When the Harvard Graduate Students Union went on strike last winter, I was on the picket line at dawn every day for two weeks. Early morning picket shifts, which usually started at 5:00 a.m., were meant to delay deliveries and disrupt university business. One morning, three of us, bundled in winter coats and marching in circles to keep warm, found ourselves surrounded by eight officers from the Harvard University Police Department who physically stopped us from blocking delivery docks and verbally harassed us. That moment was a reckoning for me as a labor organizer: HUPD might have been an unionized workforce, but police unions were not, and have never been, on the side of organized labor. 

My own experiences with HUPD are reflective of a long history fraught with violence. For two centuries, the police have been used to suppress labor action and promote corporate interests. The police, the National Guard and the U.S. Army played an integral role in suppressing the Great Strike of 1877, the Homestead Strike of 1892 and the Lawrence Strike of 1912, to name a few examples. In each of these incidents, the police resorted to extreme violence, acquiring new legal powers and protections as they terrorized working class communities. By the middle of the 20th century, the police had become an autocratic, militarized force whose primary role was to challenge organized labor through union-busting and strike-breaking. They continue to occupy this role. For evidence, we have to look no further than the ongoing protests for racial justice in which the police have been called to attend to instances of rioting. Their brutal treatment of protesters, including the use of teargas and rubber bullets, is further proof of their commitment to property over people.

It is no coincidence that cops interfere with labor action; the fundamental objective of the police is to protect property. Modern day police forces in urban cities like Boston were founded to safeguard trade and protect commercial property, and in the South, policing evolved from slave patrols tasked with chasing down runaway slaves. Policing was, and continues to be, a way to protect and serve capitalism, not people. By attending to private property, which itself depends on the extraction of labor from the working class, the police align themselves with capitalists, rather than with workers. The material interests of the police are antithetical to the very ethos of organized labor, which seeks to protect workers from capitalist exploitation. It is impossible to build a working class movement while supporting an institution that was founded to oppress working class and Black communities.

Police unions are also complicit in anti-labor action in the federal political arena.

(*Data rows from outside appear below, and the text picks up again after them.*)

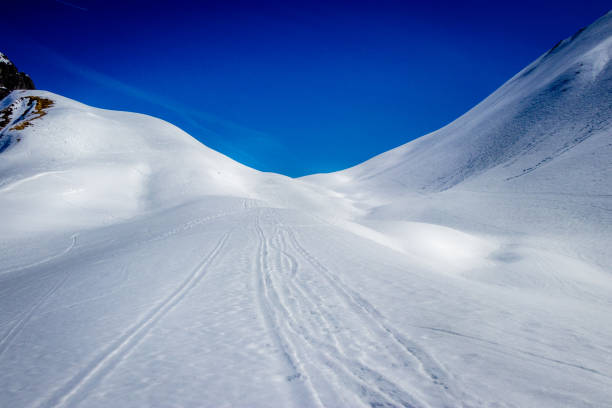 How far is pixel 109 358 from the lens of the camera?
3.25m

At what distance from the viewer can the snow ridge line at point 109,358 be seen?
261cm

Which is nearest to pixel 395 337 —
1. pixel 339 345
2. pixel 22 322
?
pixel 339 345

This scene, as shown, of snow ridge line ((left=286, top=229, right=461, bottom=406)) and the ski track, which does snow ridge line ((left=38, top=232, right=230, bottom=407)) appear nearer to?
the ski track

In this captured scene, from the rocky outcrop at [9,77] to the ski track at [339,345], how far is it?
8828 cm

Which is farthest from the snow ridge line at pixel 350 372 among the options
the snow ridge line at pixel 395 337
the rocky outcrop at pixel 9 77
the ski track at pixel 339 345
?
the rocky outcrop at pixel 9 77

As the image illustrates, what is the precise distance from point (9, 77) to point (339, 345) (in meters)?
99.1

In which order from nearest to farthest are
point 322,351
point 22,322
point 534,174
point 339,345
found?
point 322,351 → point 339,345 → point 22,322 → point 534,174

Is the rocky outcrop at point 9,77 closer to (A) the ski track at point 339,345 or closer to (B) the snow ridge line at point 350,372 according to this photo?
(A) the ski track at point 339,345

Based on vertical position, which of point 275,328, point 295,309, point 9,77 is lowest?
point 275,328

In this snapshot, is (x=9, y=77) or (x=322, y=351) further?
(x=9, y=77)

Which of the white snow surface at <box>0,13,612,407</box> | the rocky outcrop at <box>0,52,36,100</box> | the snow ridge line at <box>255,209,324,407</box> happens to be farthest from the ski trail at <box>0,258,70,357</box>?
the rocky outcrop at <box>0,52,36,100</box>

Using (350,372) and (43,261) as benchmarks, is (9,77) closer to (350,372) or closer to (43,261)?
(43,261)

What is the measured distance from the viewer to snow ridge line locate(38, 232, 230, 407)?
261 cm

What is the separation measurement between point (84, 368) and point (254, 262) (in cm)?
469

The Fraternal Order of Police and the International Union of Police Associations, the two largest police unions in the country, endorsed President Trump in 2016 and recently endorsed his reelection campaign. By funneling money into President Trump’s campaign, the IUPA is directly responsible for his blatantly anti-labor policies, which have restricted the freedom to join unions, silenced workers, and gutted health and safety protections. 

Furthermore, much of the power of policing lies in police unions, which enable racist, anti-labor action by making it nearly impossible for police officers to be held accountable for their actions. Collective bargaining agreements allow officers to evade the consequences of innumerable wrongs — including the violent killing of Black people, sexual assault, lying to investigators and falsifying documents — by limiting independent oversight and expunging misconduct records. In addition, unions spend millions of dollars lobbying against police reform on the local, state and federal levels. By shielding officers from consequences and blocking reform, police unions embolden violence against the Black and Brown communities that are the most vulnerable to police brutality. 

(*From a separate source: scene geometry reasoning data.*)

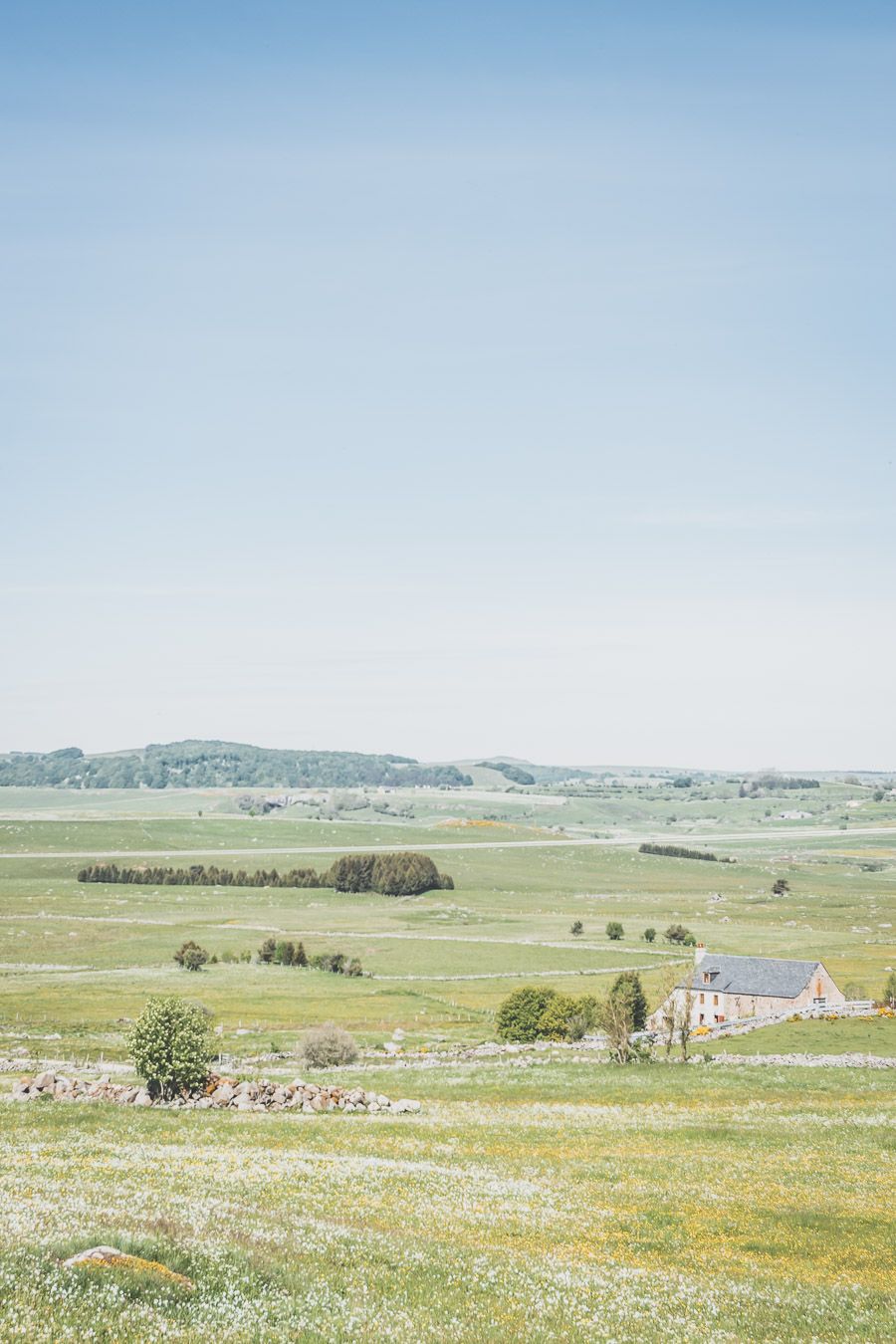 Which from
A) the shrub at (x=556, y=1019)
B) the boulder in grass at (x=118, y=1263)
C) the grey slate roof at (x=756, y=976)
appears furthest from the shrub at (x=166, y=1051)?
the grey slate roof at (x=756, y=976)

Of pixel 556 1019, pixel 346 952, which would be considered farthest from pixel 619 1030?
pixel 346 952

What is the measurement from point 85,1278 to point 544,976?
108 meters

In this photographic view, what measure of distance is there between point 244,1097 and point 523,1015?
125 ft

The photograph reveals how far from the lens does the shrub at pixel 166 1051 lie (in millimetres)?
43844

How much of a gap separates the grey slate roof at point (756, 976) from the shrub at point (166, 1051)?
6288 centimetres

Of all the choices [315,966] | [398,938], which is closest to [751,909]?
[398,938]

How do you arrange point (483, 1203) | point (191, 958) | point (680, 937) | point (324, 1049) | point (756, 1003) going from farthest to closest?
point (680, 937) → point (191, 958) → point (756, 1003) → point (324, 1049) → point (483, 1203)

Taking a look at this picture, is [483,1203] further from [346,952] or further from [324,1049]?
[346,952]

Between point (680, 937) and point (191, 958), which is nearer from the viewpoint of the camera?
point (191, 958)

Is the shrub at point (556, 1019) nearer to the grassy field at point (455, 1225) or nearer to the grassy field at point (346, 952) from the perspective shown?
the grassy field at point (346, 952)

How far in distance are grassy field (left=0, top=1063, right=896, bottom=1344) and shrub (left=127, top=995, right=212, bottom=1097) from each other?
209 inches

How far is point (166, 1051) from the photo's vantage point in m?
44.0

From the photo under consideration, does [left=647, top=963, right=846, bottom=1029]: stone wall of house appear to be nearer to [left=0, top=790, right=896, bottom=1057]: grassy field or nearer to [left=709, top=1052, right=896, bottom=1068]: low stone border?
[left=0, top=790, right=896, bottom=1057]: grassy field

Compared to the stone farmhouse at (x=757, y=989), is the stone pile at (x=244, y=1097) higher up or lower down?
higher up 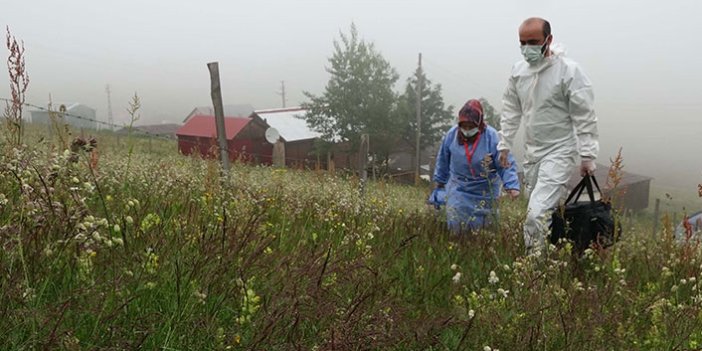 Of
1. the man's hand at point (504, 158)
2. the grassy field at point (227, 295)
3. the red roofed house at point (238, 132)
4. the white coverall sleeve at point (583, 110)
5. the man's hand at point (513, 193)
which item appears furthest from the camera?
the red roofed house at point (238, 132)

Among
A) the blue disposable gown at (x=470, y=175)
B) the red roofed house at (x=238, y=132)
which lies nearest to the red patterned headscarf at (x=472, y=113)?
the blue disposable gown at (x=470, y=175)

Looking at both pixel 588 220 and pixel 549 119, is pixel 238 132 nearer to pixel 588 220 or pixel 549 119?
pixel 549 119

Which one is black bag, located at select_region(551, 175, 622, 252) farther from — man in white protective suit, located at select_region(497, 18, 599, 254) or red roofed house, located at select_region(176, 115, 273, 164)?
red roofed house, located at select_region(176, 115, 273, 164)

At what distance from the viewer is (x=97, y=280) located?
2086mm

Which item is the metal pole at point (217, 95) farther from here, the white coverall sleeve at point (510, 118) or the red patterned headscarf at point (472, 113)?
the white coverall sleeve at point (510, 118)

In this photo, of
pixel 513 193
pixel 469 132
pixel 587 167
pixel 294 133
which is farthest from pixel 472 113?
pixel 294 133

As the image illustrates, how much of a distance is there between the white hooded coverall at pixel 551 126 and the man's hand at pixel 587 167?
4 cm

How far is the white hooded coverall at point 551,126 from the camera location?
459 centimetres

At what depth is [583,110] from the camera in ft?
15.1

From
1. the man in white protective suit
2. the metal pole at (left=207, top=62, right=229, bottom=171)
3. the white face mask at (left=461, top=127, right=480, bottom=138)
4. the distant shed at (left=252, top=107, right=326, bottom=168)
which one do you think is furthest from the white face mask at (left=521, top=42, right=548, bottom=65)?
the distant shed at (left=252, top=107, right=326, bottom=168)

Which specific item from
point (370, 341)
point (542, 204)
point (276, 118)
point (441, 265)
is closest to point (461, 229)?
point (542, 204)

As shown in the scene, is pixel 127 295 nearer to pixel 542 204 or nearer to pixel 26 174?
pixel 26 174

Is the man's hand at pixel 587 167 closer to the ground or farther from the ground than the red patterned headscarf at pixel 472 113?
closer to the ground

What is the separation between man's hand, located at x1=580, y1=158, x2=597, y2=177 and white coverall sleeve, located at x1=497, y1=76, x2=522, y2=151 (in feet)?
2.59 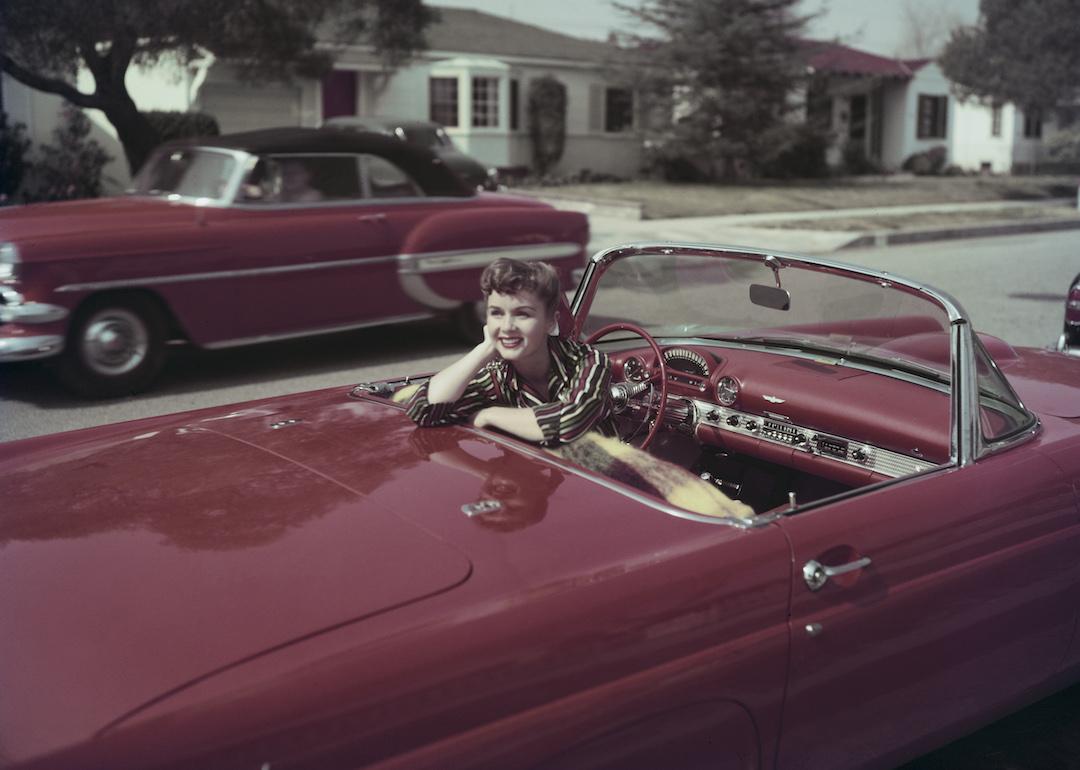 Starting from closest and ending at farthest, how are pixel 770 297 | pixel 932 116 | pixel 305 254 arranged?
pixel 770 297 → pixel 305 254 → pixel 932 116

One way to put an end to racialized police violence is to put an end to police unions. Dismantling police unions is a crucial step in taking power away from the police and giving it back to working class communities and communities of color. Although not all police departments are unionized or affiliated with a larger labor federation like the AFL-CIO, those that are must be expelled. However, disaffiliation must be only the first step in a broader struggle to dismantle the police in its entirety. Police abolition means building a world that does not rely on capitalism and racism to structure society.

Although some critics of abolition argue that disaffiliating police unions would threaten other public sector unions, many trade unionists disagree with this position, indicating support from public sector workers themselves. Union members represented by the Service Employees International Union and United Auto Workers have demanded the disaffiliation of police unions from the larger labor movement. In addition, a coalition of labor organizers called “No Cop Unions” have called on the AFL-CIO to expel IUPA and urged AFL-CIO affiliates with partial law enforcement membership to terminate their relationships with unionized police and correctional officers.

Ultimately, the call to separate police unions from the labor movement is a recognition that they have no role in a society that truly values workers. The goals of the police, which are maintained and facilitated by police unions, are incompatible with pro-labor ideology. The labor movement must take a firm stance against police unions and work to develop an anti-racist praxis. There can be no labor justice while police unions continue to protect anti-worker interests.